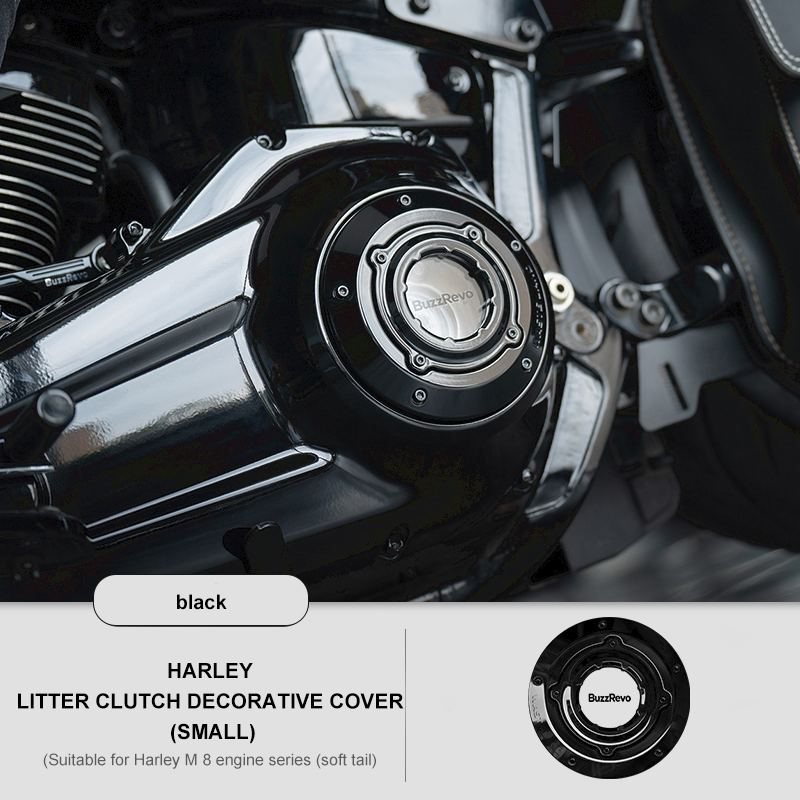 BuzzRevo Harley clutch cover. Motorcycle modified transparent clutch cover for M8 engine. Softail. Touring.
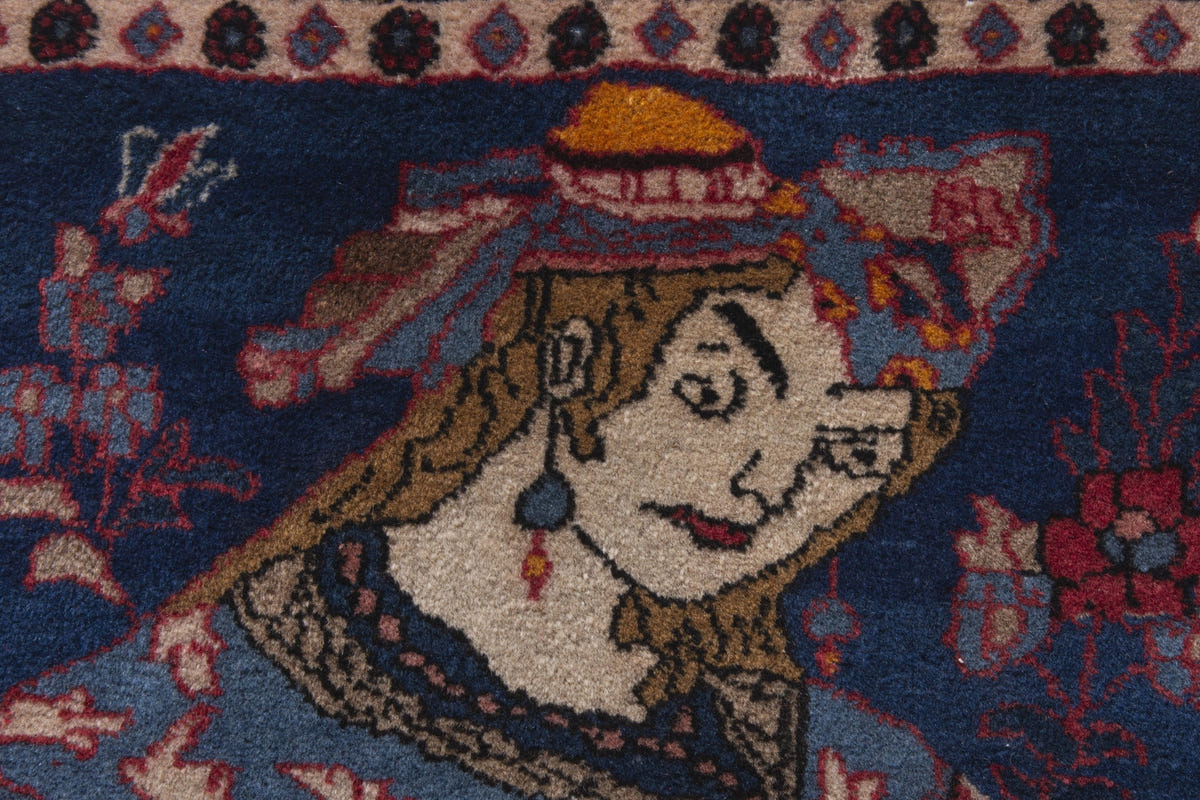 Persian Shahreza accent rug in navy and deep red, view 7 of 10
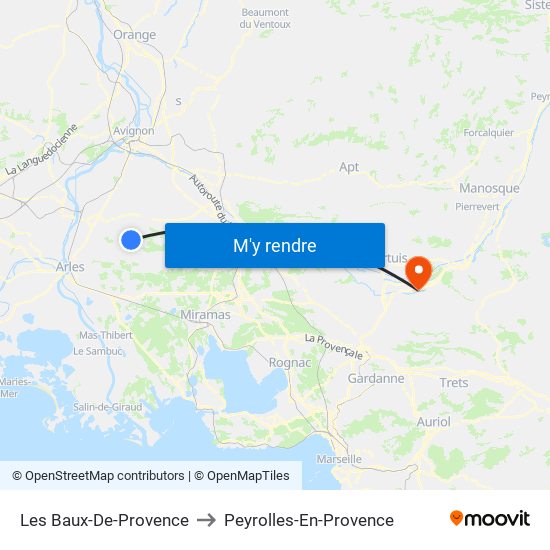 Les Baux-De-Provence to Peyrolles-En-Provence map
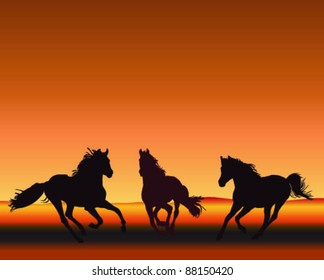 Three horses gallop silhouetted on sunset, vector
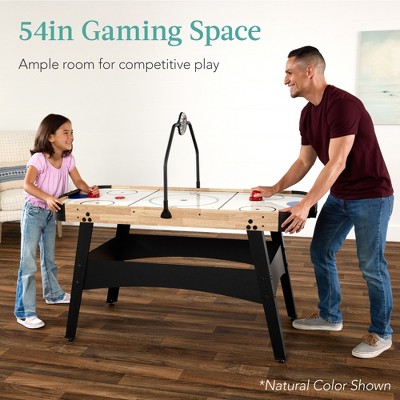54-Inch Gray Air Hockey Table with LED Lights and Scoreboard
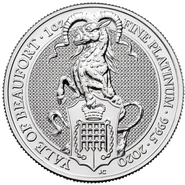 1oz Platinum Coin, The Yale Of Beaufort - Queens Beast 2019
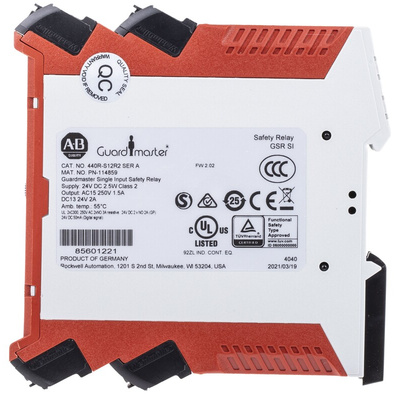 Rockwell Automation Dual-Channel Light Beam/Curtain, Safety Mat/Edge, Safety Switch/Interlock Safety Relay, 24V dc, 2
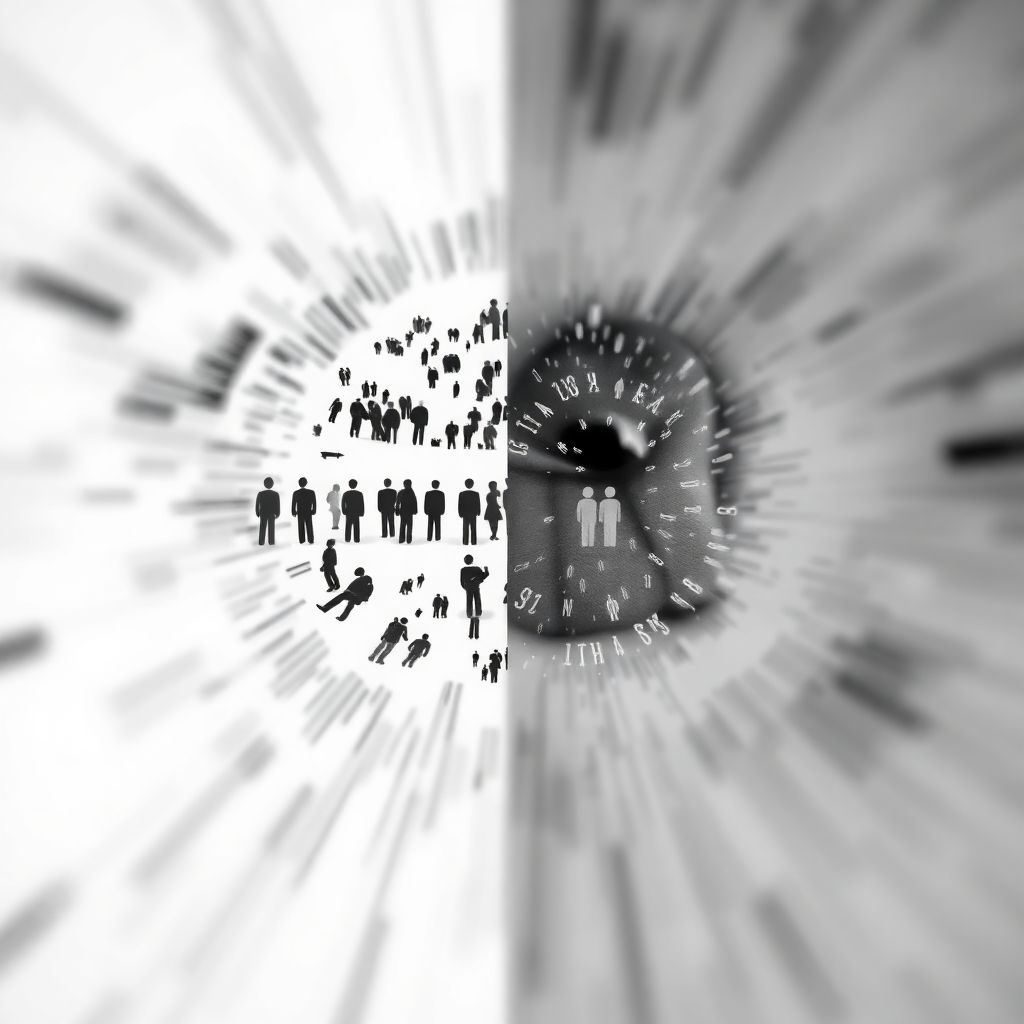 흑백 이미지로 중앙에 시계와 여러 사람 실루엣들이 방사형으로 흩어져 있고, 주변에서 바깥쪽으로 뻗어나가는 모션 블러 효과가 있어 시간의 흐름과 사람들의 움직임을 추상적으로 표현한 개념적 이미지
────────────────────
> TASK INSTRUCTIONS
Reproduce, with no pictures, the lines from the one containing "1oz Platinum Coin, The" to the end of the records above, exactly and inclusively.

> SOLUTION FOR THIS PROBLEM
 1oz Platinum Coin, The Yale Of Beaufort - Queens Beast 2019
 Rockwell Automation Dual-Channel Light Beam/Curtain, Safety Mat/Edge, Safety Switch/Interlock Safety Relay, 24V dc, 2
 흑백 이미지로 중앙에 시계와 여러 사람 실루엣들이 방사형으로 흩어져 있고, 주변에서 바깥쪽으로 뻗어나가는 모션 블러 효과가 있어 시간의 흐름과 사람들의 움직임을 추상적으로 표현한 개념적 이미지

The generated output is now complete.